Dikkat edilirse bu tarz buluşmalara esasen iki kategori altında ele alınabilecek kesimler katılıyor. İlkini antikapitalist güçler (sistem karşıtları, çevreciler, feministler, köylü hareketleri vs.) oluştururken, diğerini ise ulusal kurtuluş hareketleri (örneğin Filistin, Batı Sahra, Bask vs.) teşkil etmektedir.

Birçok sol veya ulusal kurtuluş harekette görülen, 20. yüzyılın hâkim düşünce kalıplarını, kuram ve kavramlarını, kısacası paradigmayı aşamayıp ideolojik tıkanmadır. Bu tıkanmanın farkında olanlar, yeni paradigmasal arayışlar içerisinde olup Demokratik Konfederalizmin hem kuram hem de pratik uygulama olarak kendileri için de model olup olamayacağını sorguluyor. Sistem karşıtı hareketler ise zihinlerinde tasarladıkları o “Başka Dünya’’nın pratikleştiği sahanın arayışında olup, Rojava’ya tam da bu nedenden ötürü bu denli ilgi göstermektedir. İki arayış da Kürt Özgürlük Hareketi’ne ve onun sahip olduğu Apocu ideolojiye yöneltiyor.

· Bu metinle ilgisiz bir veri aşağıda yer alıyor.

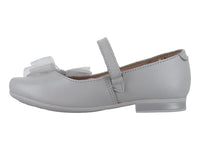 Zapatos Planos Coqueta Color Perla para Niña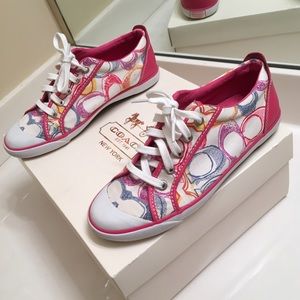 COACH : Multicolored Tennis Shoes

Elbette ki aslolan, bu evrensellik içinde kendi tikelini bulabilmektir. Kürt Özgürlük Hareketi, sadece Kürt halkının özgürlük sorununa kalıcı bir çözüm geliştirme görevini değil, aynı zamanda evrensel düzeyde bir özgürlük perspektifini ortaya çıkarma misyonunu üstlenmiştir. Bugün dünyanın dört bir yanında, aralarında büyük fark bulunan güçlerin arayışlarına adres oluyorsa, yereli evrenselden ayrı ele almadığından, kendi evrenselliği içinde bütün ilerici yerellere bir tikellik zemini sunduğundandır.

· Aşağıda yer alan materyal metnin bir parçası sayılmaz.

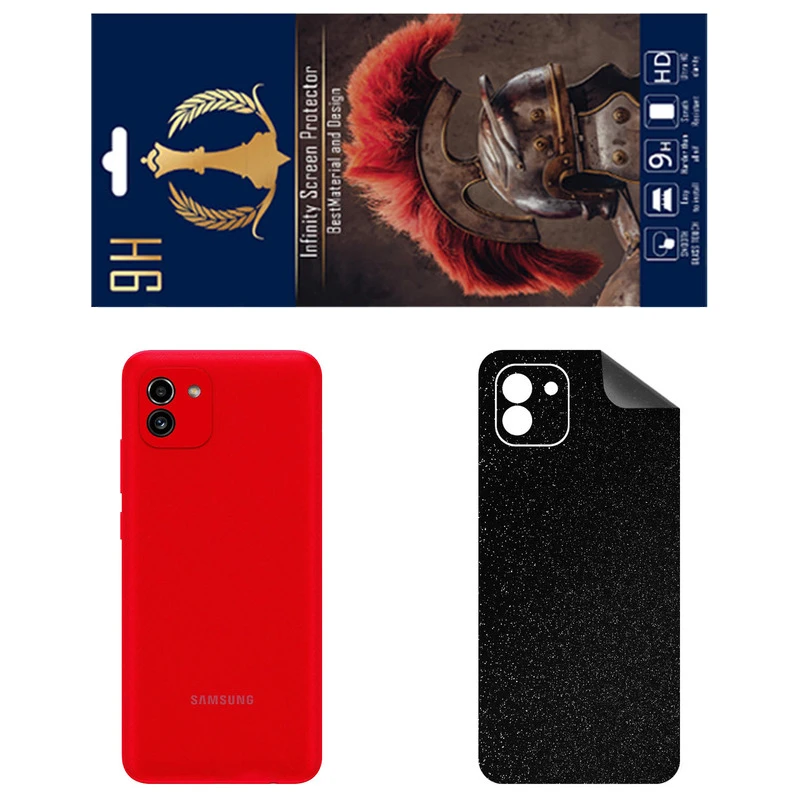 برچسب پوششی اینفینیتی مدل SPACE مناسب برای گوشی موبایل سامسونگ Galaxy A03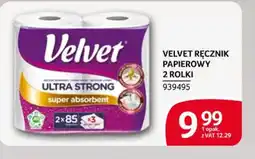Selgros Velvet ręcznik papierowy oferta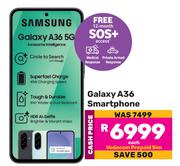 Samsung Galaxy A36 Smartphone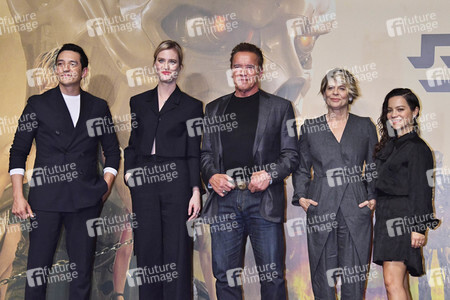 Pressekonferenz 'Terminator: Dark Fate' in Tokio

Kürt hareketi, mücadelesi ve ideolojik çizgisinin bunun farkındalığı ile dışarıda anlatılması, tanıtılması ve temsil edilmesi oldukça önemlidir. Unutmamalı; tarihsel bir momenttir yaşanan. Bunun bilinciyle yaşamak elzemdir.

Ve bir şey daha unutulmamalı: Halk ve hareket olarak çok şanslıyız. Günümüzün en büyük düşünürlerinden olan Kürt Halk Önderi Abdullah Öcalan’ın öncülüğünde 20. yüzyıldan 21. yüzyıla geçişte paradigmasal değişimi başardığımız, ideolojide yenilenmeyi sağlayabildiğimiz için. Bunun için ne kadar şükretsek azdır.